Whilst developing two webapps, one at work and one for the los palmas
seven, I found that when writing the
tests for the data model (hell yes I use test driven development, it’s very productive
as it defines short and medium term goals and keeps you in focus) I
was writing the same code over and over, but was very reliant on the
structure of the data model I was testing.
Having done lots of currying in functional programming back in uni, I
could see there was an obvious pattern, and thus it needed refactoring
to reduce the amount of code I was writing and in doing so reduce the
probability of error.
So I pulled out a set of functoins from one test, and made it a base
class, and refactored it to allow the child class to specify the data;
but due to the way python’s unittest
and the test runner nose
work, I had to manually write a function in each child class to call
the worker functoin in the parent.
Obviously requiring the user to type more meant that there was a risk
of error, and it was also tedious (read: very boring) to have to do
this every time. Not knowing enough about python internals, I posted
to the new slug coders
list, christening it with
the first development related post, and got back a good suggestion,
but I didn’t try it out. Michael K suggested at the slug meeting last
friday that I check out metaclasses if his previous suggestion didn’t
work.
Saturday I jumped into the deep end with metaclasses, and it turned
out they were easier than I thought, but having done so now I
wouldn’t recommend them as a hammer to bash in all those screw and
rivet problems. They are very cool though.

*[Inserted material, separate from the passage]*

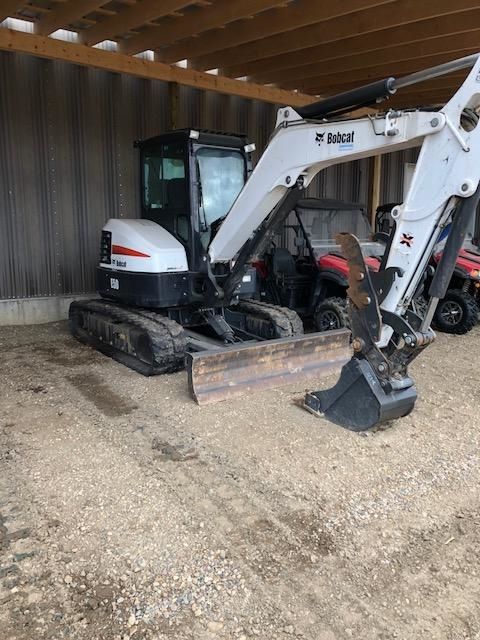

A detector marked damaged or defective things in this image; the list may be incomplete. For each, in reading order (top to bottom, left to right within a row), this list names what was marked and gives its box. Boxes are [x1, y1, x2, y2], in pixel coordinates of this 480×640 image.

rusty metal blade surface [187, 330, 348, 404]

So I ended up with a base class that had a metaclass that would monkey
patch the child class with the correct method names just as it was
being inspected, and had a small test program written that
demonstrated my idea was sound.
However, applying this method to the actual tests running under nose
didn’t work. Lots of debugging printfs later I eventually traced this
to a peculiarity in the way nose
decides on what tests to run: to
prevent test methods being run twice, it makes sure that when running
a test, the module that it is defined in is the same as the module
currently being tested, i.e. it makes sure that __module__
matches
in both the callable and the current test case.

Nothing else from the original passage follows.